> Records shown:

====

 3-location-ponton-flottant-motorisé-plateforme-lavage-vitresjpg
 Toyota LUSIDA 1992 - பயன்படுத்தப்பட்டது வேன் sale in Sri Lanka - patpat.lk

====

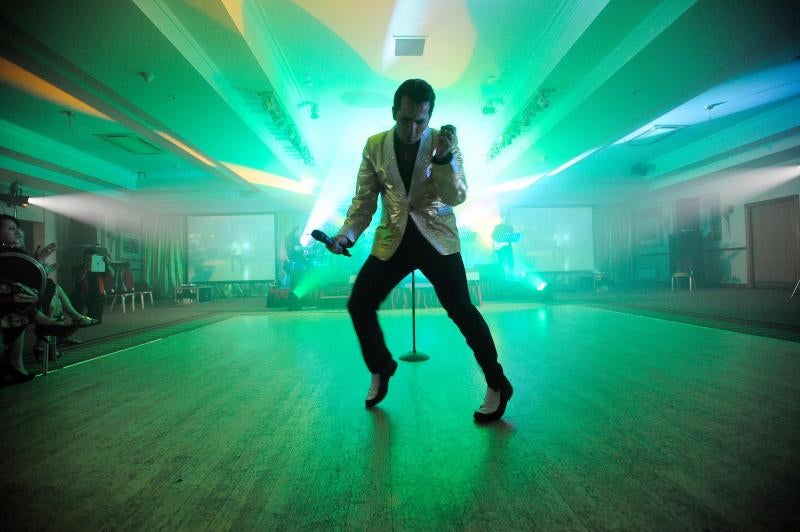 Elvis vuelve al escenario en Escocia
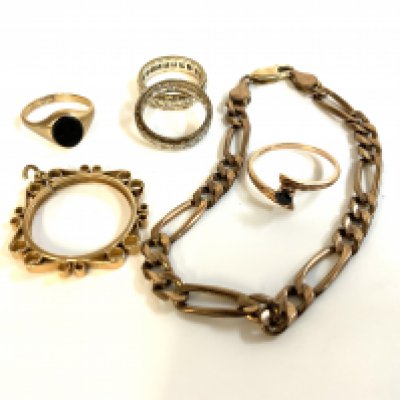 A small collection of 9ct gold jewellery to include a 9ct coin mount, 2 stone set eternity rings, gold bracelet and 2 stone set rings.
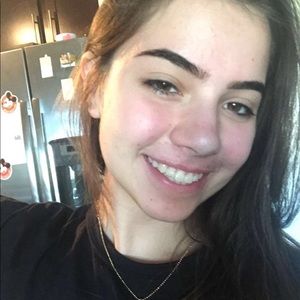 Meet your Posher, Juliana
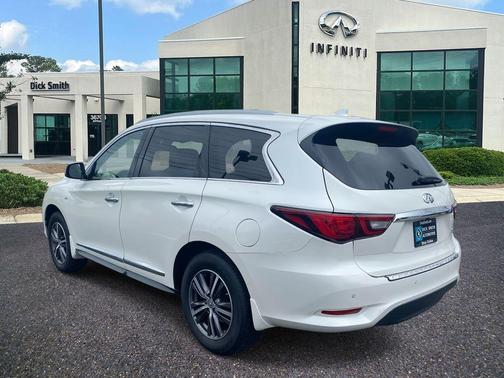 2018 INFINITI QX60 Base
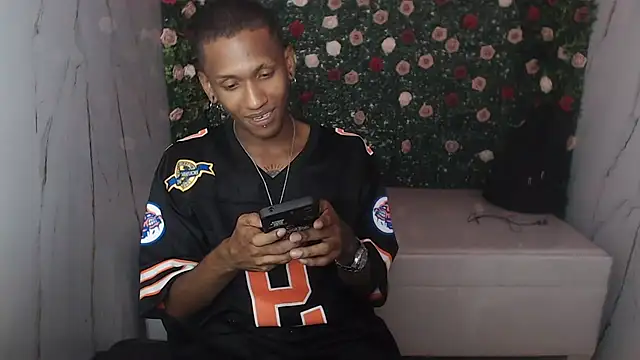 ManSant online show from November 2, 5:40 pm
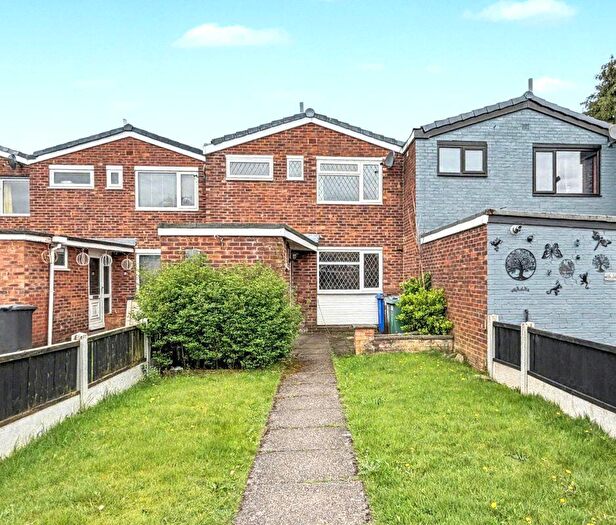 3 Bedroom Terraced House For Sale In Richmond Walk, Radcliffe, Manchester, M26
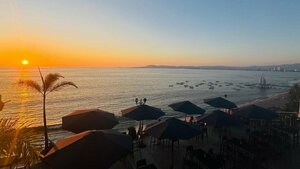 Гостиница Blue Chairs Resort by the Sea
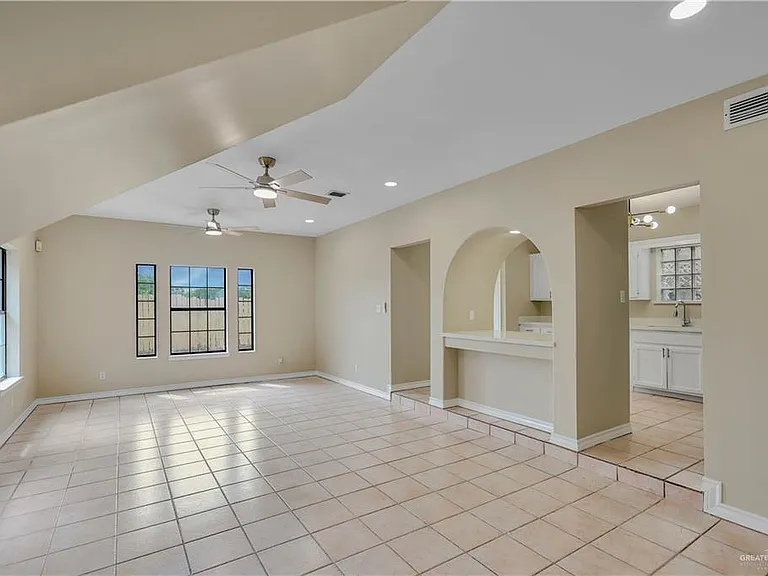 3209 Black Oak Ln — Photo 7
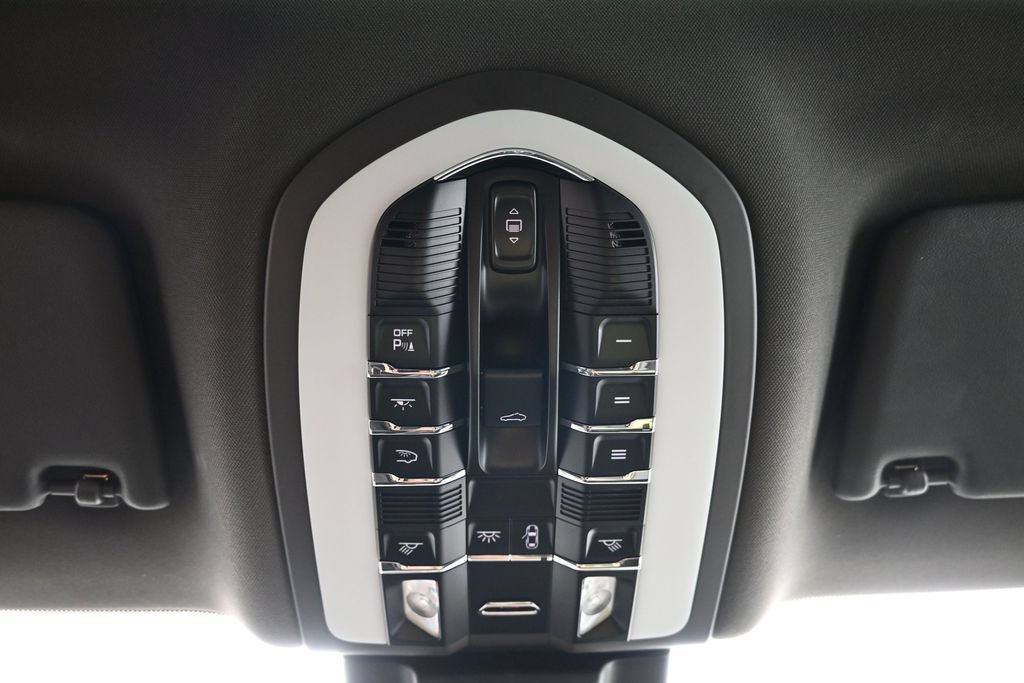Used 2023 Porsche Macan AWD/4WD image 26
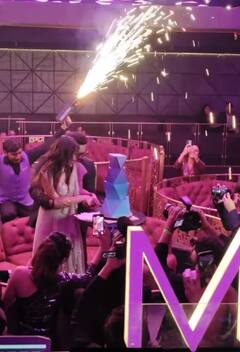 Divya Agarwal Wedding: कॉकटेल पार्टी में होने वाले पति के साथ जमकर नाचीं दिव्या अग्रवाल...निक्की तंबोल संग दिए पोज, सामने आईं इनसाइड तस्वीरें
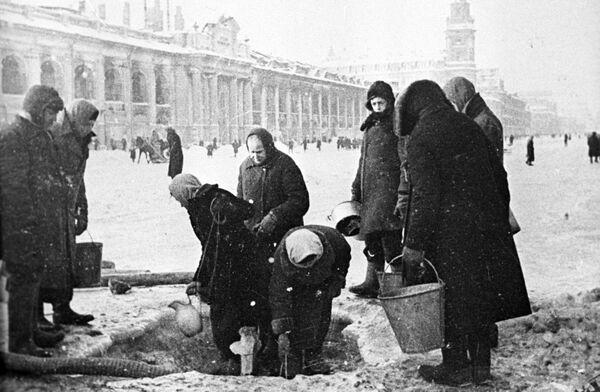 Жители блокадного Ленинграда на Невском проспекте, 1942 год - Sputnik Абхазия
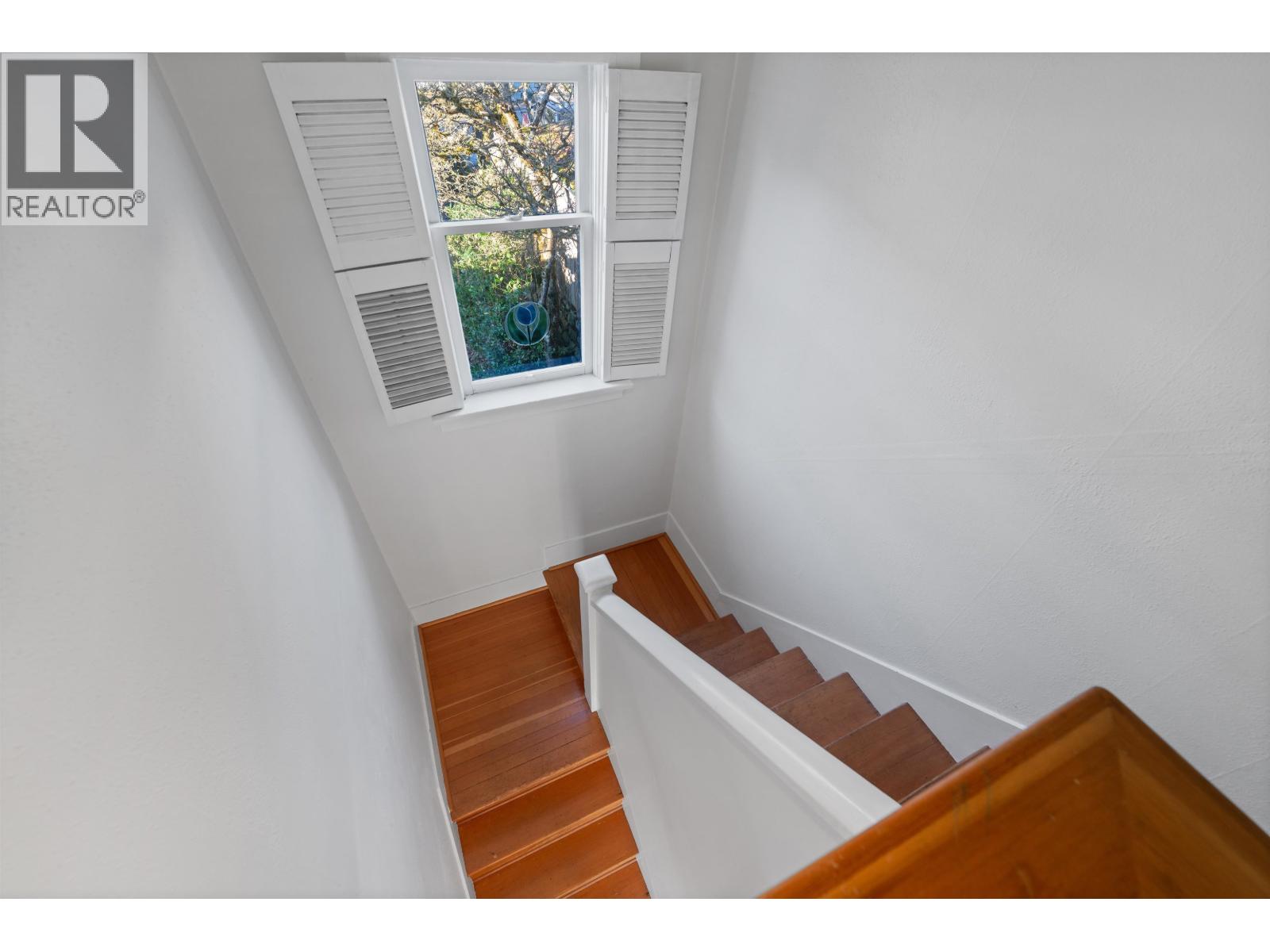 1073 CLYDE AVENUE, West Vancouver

====

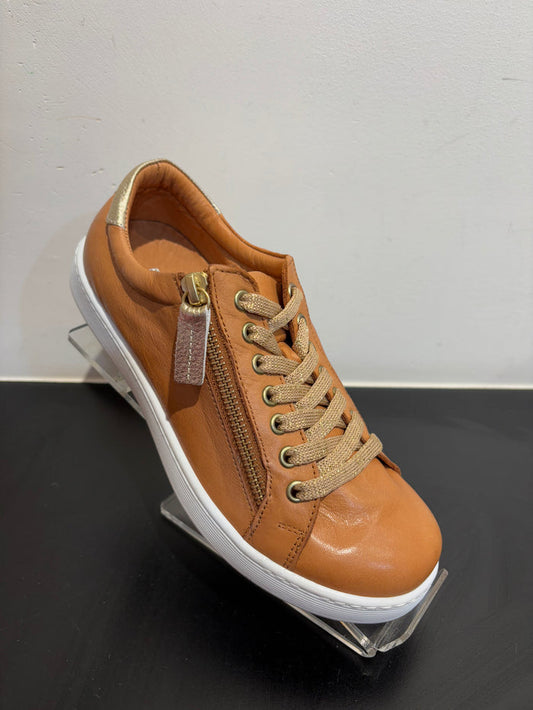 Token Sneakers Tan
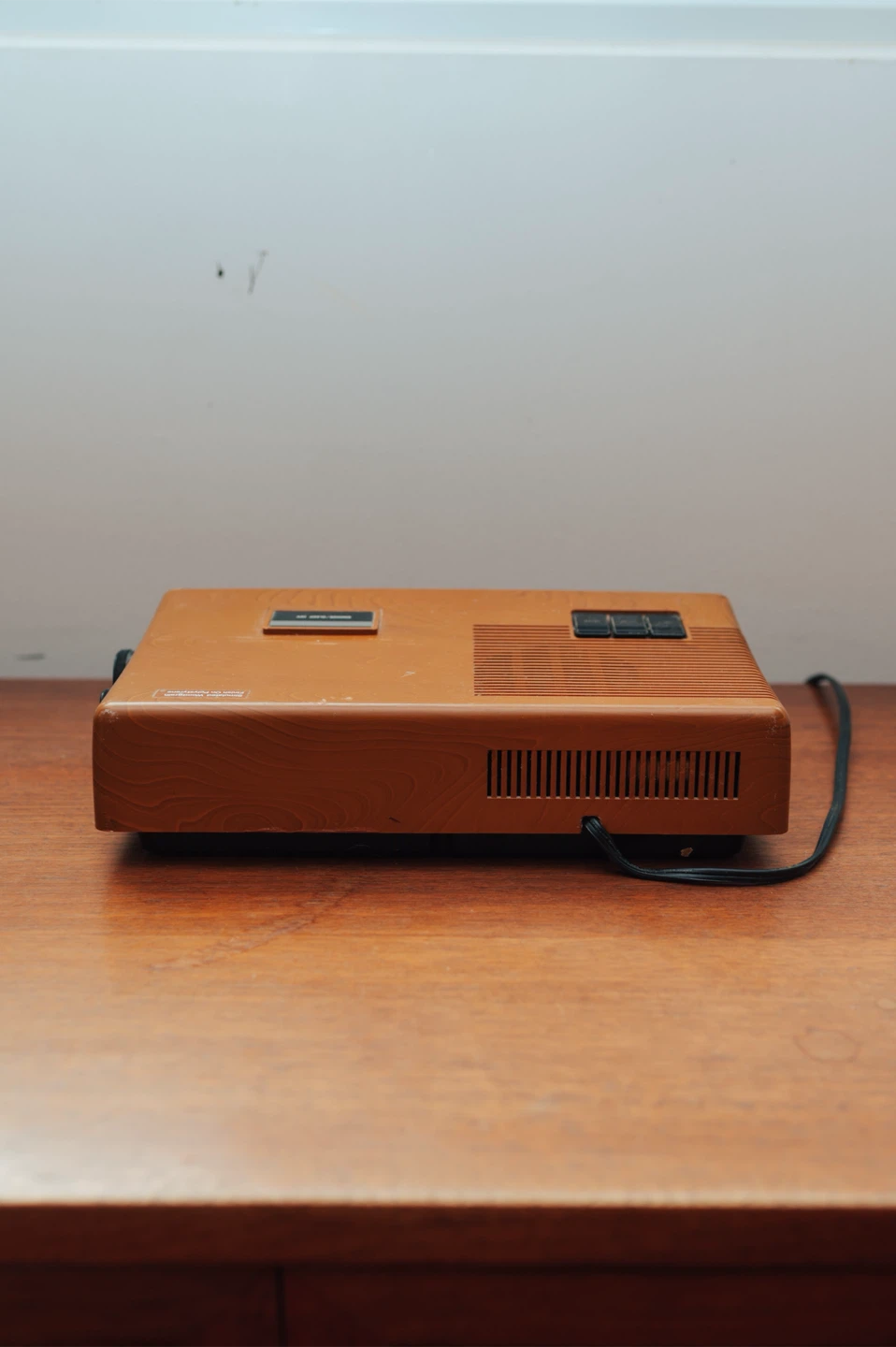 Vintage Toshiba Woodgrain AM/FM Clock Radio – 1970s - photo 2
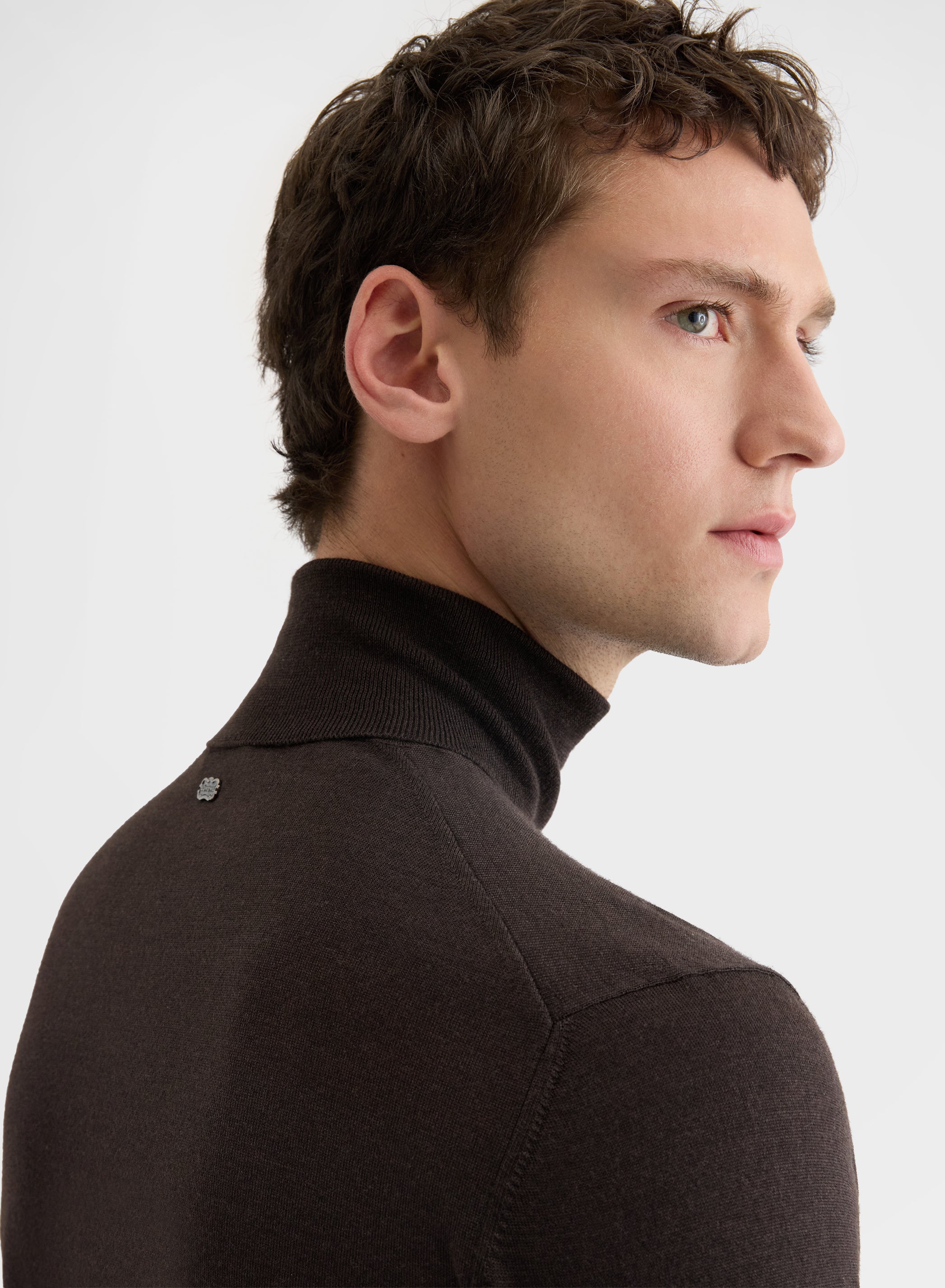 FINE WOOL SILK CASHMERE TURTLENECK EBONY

====

> Action item:
Reproduce, character for character, only the lines of the preceding data that start at the line with "3-location-pon" and end at the line with "Toyota LUSIDA 1992", both included.

> Task result:
 3-location-ponton-flottant-motorisé-plateforme-lavage-vitresjpg
 Toyota LUSIDA 1992 - பயன்படுத்தப்பட்டது வேன் sale in Sri Lanka - patpat.lk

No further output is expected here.